Records from a dataset
——————————
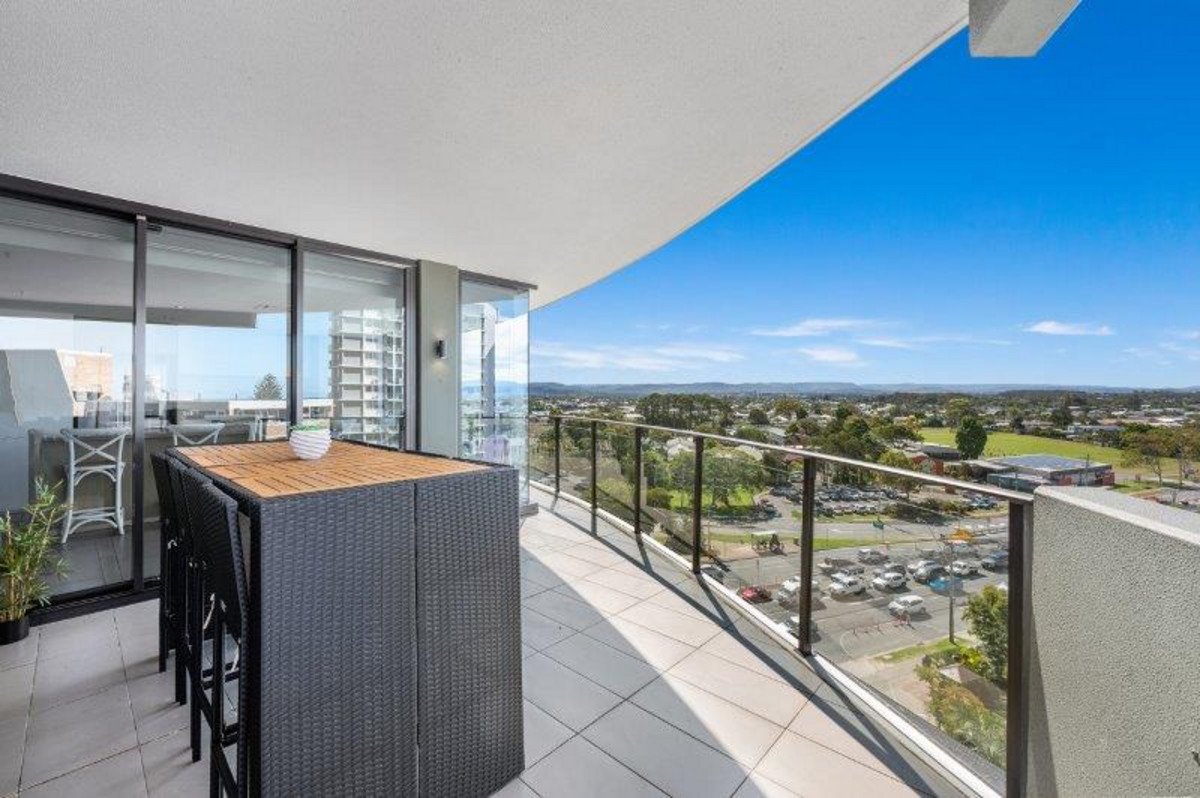 2094/2-14 The Esplanade Burleigh Heads 17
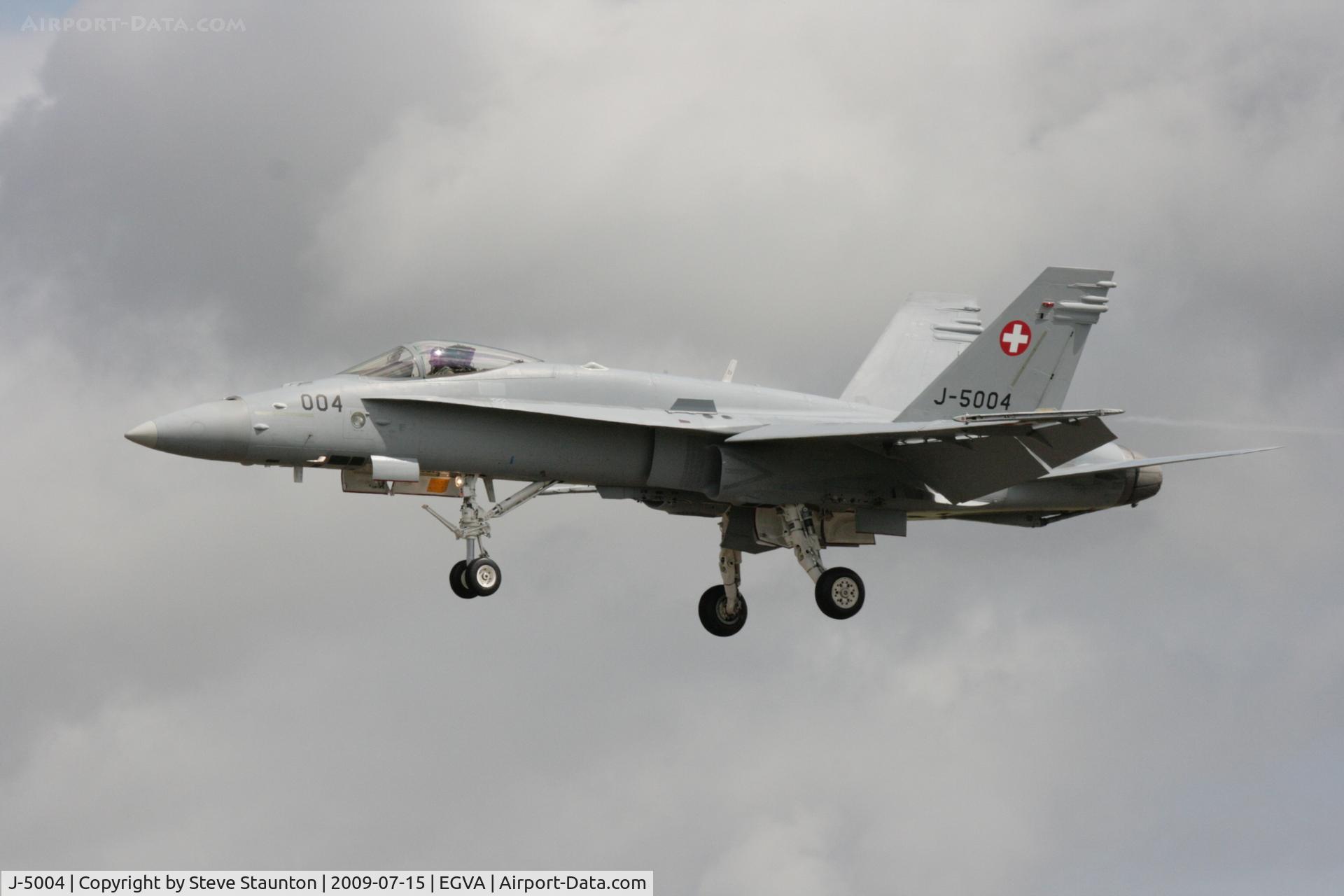 J-5004, 1997 McDonnell Douglas F/A-18C Hornet C/N 1320/SFC004, Taken at the Royal International Air Tattoo 2009
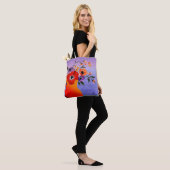 Die helle rote Vase der Blume Tasche (Am Model)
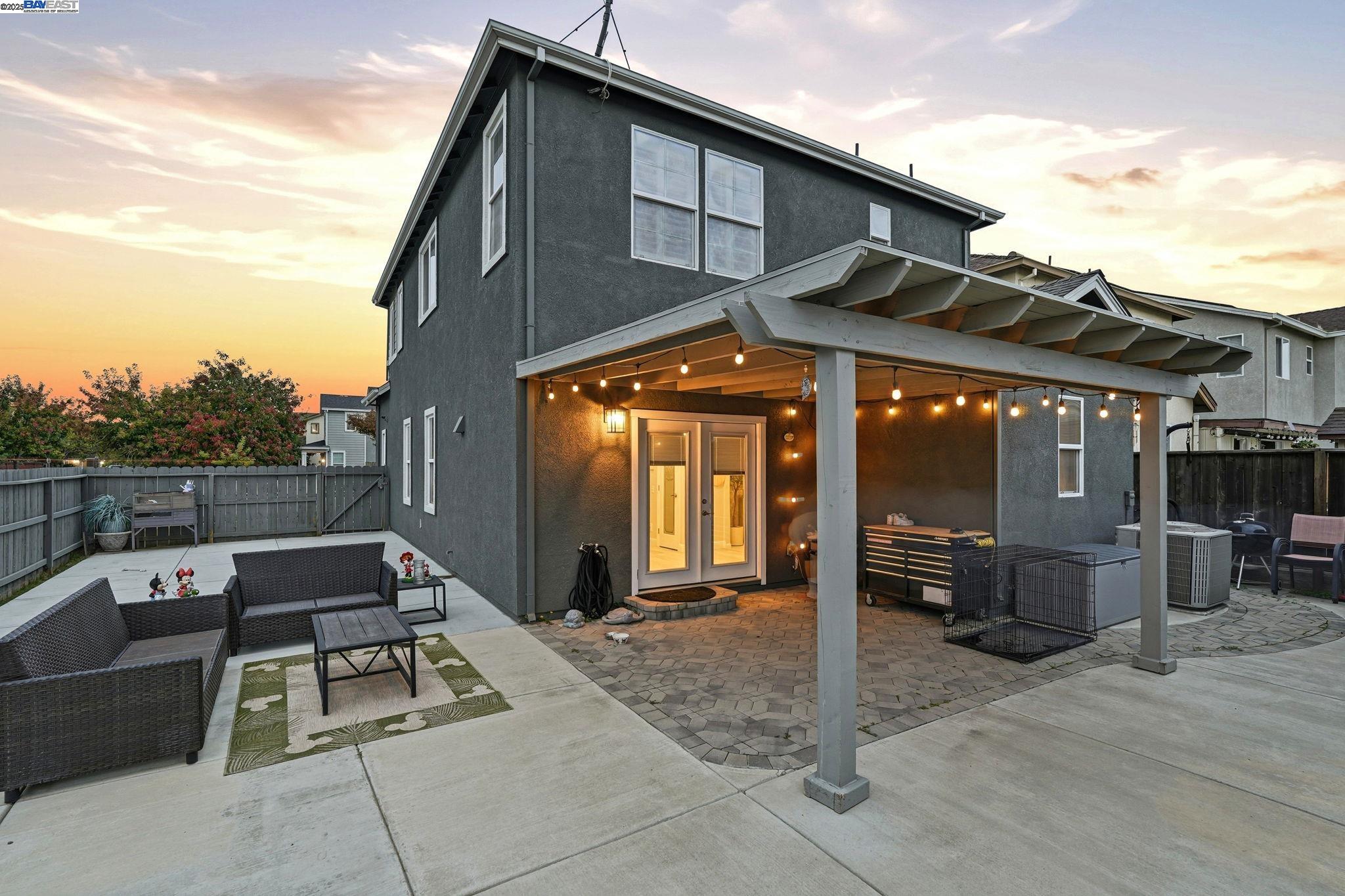 Detail Gallery Image 35 of 36 For 1588 Hearthsong Dr, Manteca,  CA 95337 - 4 Beds | 2/1 Baths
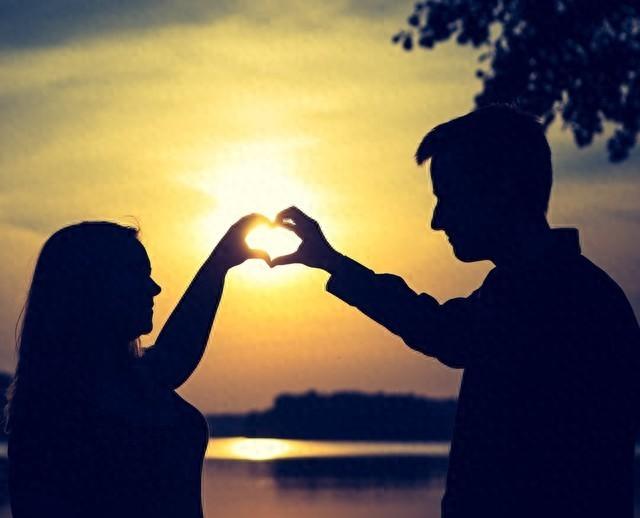 女人移情别恋，男人要看懂这些信号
——————————
AIM OF THE TASK
Leave the pictures aside and give the records above back word for word.

OUTPUT
 2094/2-14 The Esplanade Burleigh Heads 17
 J-5004, 1997 McDonnell Douglas F/A-18C Hornet C/N 1320/SFC004, Taken at the Royal International Air Tattoo 2009
 Die helle rote Vase der Blume Tasche (Am Model)
 Detail Gallery Image 35 of 36 For 1588 Hearthsong Dr, Manteca,  CA 95337 - 4 Beds | 2/1 Baths
 女人移情别恋，男人要看懂这些信号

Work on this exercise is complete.